Logo após o golpe de 1964, em
seus primeiros quatro anos, a ditadura foi endurecendo e fechando o regime aos
poucos. Vieram os atos institucionais, “artificialismos
criados para dar legitimidade jurídica a ações políticas contrárias à
Constituição Brasileira de 1946”, culminando numa ditadura. O período
compreendido entre 1968 e 1975 foi determinante para a nomenclatura histórica
conhecida como "anos de chumbo".
Dezoito milhões de eleitores brasileiros
sofreram das restrições impostas por seguidos atos institucionais que ignoravam
e cancelavam a validade da Constituição Brasileira, criando um estado de
exceção, suspendendo a democracia.
Tencionando impor um modelo social,
político e econômico para o Brasil, a ditadura militar, no entanto tentou
forjar um ambiente democrático, e não se destacou por um governante definido ou
personalista. Durante sua vigência, a ditadura militar não era oficialmente
conhecida por este nome, mas pelo nome de "Revolução" e seus governos eram considerados "revolucionários". A visão
crítica do regime só começou a ser permitida a partir de 1974, quando o general
Ernesto Geisel determinou a abertura lenta e gradual da vida sócio-política do
país.
O golpe também foi recebido com
alívio pelo governo norte-americano, satisfeito de ver que o Brasil não seguia
o mesmo caminho de Cuba, onde a guerrilha liderada por Fidel Castro havia
conseguido tomar o poder. Os Estados Unidos acompanharam de perto a conspiração
e o desenrolar dos acontecimentos, principalmente através de seu embaixador no
Brasil, Lincoln Gordon, e do adido militar, Vernon Walters, e haviam decidido,
através da secreta "Operação Brother Sam", dar apoio logístico aos
militares golpistas, caso estes enfrentassem uma longa resistência por parte de
forças leais a Jango.
Em 9 de abril de 1964 foi
publicado o Ato Institucional Número Um, ou AI-1, que “suspendeu por dez anos os direitos políticos de todos aqueles que
poderiam ser contrários ao regime”, intimidando os congressistas com a
ameaça de cassações, prisão, enquadramento como subversivos e expulsão do país.

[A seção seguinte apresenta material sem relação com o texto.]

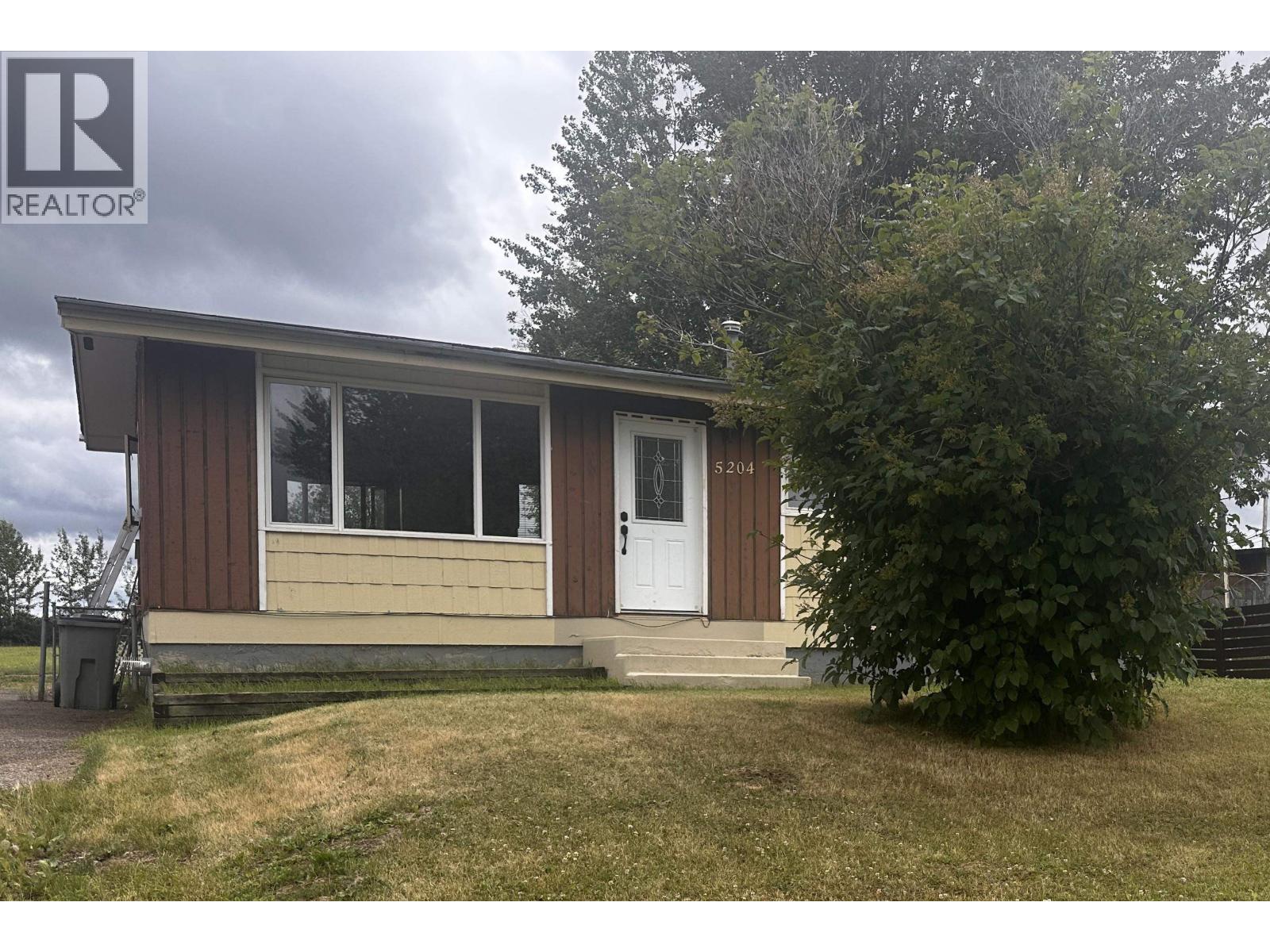 5204 TAMARACK CRESCENT - 1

A Lei de Segurança Nacional, que seria publicada em 3 de março de 1967, teve
seu embrião no AI-1.
O primeiro parágrafo do AI-1
revelava a nítida preocupação de legitimar imediatamente o novo regime, dizia o
indigitado dispositivo:
"…É indispensável fixar o conceito do movimento civil e militar que
acaba de abrir ao Brasil uma nova perspectiva sobre o seu futuro. O que houve e
continuará a haver neste momento, não só no espírito e no comportamento das
classes armadas, como na opinião pública nacional, é uma autêntica revolução… A
revolução se distingue de outros movimentos armados pelo fato de que nela se
traduz não o interesse e a vontade de um grupo, mas o interesse e a vontade da
Nação… A revolução vitoriosa se investe no exercício do Poder Constituinte.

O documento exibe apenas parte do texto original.